Marchand E, Müller T, Knabner P (2012)
Publication Status: Published
Publication Type: Journal article, Review article
Publication year: 2012
Publisher: Springer Verlag (Germany)
Book Volume: 16
Pages Range: 691-708
Journal Issue: 3
DOI: 10.1007/s10596-012-9279-1
We consider the modeling and simulation of compositional two-phase flow in a porous medium, where one phase is allowed to vanish or appear. The modeling of Marchand et al. (in review) leads to a nonlinear system of two conservation equations. Each conservation equation contains several nonlinear diffusion terms, which in general cannot be written as a function of the gradients of the two principal unknowns. Also the diffusion coefficients are not necessarily explicit local functions of them.
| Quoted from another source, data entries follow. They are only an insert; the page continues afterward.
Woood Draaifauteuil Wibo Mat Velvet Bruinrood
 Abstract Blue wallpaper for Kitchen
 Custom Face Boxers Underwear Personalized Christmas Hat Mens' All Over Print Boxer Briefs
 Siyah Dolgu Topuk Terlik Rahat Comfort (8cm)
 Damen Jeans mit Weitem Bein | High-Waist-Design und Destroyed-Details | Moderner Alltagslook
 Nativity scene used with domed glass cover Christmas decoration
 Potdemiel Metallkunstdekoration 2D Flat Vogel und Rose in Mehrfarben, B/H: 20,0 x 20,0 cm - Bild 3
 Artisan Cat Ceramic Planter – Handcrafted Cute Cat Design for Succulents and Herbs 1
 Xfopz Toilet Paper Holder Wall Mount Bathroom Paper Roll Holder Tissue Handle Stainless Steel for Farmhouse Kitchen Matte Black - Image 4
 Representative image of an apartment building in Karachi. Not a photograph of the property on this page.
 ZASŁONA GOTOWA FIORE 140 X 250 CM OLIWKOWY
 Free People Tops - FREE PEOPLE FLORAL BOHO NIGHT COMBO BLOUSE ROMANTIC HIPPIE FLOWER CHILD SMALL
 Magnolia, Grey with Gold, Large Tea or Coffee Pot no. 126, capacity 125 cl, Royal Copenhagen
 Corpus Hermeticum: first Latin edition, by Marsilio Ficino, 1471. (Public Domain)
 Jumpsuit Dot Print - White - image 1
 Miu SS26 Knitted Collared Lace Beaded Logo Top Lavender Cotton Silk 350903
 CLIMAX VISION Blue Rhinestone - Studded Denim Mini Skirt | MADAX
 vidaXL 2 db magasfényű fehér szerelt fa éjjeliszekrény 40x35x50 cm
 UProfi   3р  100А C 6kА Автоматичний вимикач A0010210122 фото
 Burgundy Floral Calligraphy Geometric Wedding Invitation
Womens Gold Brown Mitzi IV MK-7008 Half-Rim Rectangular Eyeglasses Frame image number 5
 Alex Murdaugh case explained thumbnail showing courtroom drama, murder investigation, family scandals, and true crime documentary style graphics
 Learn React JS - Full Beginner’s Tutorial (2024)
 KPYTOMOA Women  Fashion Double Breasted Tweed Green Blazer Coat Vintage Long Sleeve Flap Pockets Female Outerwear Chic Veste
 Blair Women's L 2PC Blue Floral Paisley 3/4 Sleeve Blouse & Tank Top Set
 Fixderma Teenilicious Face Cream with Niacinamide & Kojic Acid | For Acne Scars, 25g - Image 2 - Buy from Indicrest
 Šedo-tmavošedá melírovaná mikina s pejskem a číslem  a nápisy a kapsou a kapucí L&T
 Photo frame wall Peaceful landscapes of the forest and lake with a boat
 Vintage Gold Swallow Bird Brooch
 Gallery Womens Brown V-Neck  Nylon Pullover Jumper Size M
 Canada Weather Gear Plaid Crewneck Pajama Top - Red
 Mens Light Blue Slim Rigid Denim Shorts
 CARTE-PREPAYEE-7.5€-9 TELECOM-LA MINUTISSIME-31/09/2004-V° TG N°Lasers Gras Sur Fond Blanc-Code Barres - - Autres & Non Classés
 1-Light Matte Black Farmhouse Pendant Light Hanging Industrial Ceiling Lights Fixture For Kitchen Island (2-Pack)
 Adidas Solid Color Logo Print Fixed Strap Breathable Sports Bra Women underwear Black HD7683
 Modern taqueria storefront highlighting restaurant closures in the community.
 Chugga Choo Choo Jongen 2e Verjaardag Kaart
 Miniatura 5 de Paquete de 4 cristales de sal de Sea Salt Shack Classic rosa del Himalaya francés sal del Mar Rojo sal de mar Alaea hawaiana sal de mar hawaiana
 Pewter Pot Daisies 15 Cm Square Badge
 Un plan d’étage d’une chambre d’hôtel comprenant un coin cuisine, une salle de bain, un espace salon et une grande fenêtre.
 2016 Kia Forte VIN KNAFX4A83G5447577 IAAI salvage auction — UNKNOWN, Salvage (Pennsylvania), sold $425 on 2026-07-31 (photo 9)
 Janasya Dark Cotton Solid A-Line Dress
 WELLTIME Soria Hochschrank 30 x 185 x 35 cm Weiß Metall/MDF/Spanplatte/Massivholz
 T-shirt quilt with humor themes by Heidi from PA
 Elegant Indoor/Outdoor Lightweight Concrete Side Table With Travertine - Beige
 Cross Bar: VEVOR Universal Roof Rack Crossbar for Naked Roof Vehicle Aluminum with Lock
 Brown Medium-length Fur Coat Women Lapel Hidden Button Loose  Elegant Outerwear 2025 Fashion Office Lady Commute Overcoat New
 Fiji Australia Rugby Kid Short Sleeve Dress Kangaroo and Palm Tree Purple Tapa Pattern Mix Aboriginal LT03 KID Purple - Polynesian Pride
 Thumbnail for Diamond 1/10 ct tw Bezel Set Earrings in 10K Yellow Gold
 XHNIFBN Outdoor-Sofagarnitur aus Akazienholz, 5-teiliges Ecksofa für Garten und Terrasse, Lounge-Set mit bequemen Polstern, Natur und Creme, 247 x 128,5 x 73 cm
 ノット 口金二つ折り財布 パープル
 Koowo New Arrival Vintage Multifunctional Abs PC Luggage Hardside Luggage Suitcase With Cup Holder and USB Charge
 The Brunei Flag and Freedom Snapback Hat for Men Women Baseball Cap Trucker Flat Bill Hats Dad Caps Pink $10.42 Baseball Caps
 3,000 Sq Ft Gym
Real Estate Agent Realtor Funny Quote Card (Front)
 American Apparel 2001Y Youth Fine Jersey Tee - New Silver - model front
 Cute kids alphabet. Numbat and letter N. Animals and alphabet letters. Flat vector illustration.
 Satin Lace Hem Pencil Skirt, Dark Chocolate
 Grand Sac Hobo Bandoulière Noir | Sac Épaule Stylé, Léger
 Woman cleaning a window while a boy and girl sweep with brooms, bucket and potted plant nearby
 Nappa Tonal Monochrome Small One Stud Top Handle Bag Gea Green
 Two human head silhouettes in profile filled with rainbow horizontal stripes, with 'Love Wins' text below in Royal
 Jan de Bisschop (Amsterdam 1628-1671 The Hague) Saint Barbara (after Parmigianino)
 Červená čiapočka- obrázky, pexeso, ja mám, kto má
For the generalised mixed finite elements approximation, Lagrange multipliers associated to each principal unknown are introduced, the sum of the diffusive fluxes of each component is explicitly eliminated and the static condensation leads to a "global" nonlinear system of equations only in the Lagrange multipliers also including complementarity conditions to cope with vanishing or appearing phases. After time discretisation, this system can be solved at each time step using a semi-smooth Newton method. The static condensation involves "local" nonlinear systems of equations associated to each element, solved also by a semismooth Newton method. The algorithm is successfully applied to 1D and 2D examples of water-hydrogen flow involving gas phase appearance and disappearance. © 2012 Springer Science+Business Media B.V.
APA:
Marchand, E., Müller, T., & Knabner, P. (2012). Fully coupled generalised hybrid-mixed finite element approximation of two-phase two-component flow in porous media. Part II: Numerical scheme and numerical results. Computational Geosciences, 16(3), 691-708. https://doi.org/10.1007/s10596-012-9279-1
MLA:
Marchand, Estelle, Torsten Müller, and Peter Knabner. "Fully coupled generalised hybrid-mixed finite element approximation of two-phase two-component flow in porous media. Part II: Numerical scheme and numerical results." Computational Geosciences 16.3 (2012): 691-708.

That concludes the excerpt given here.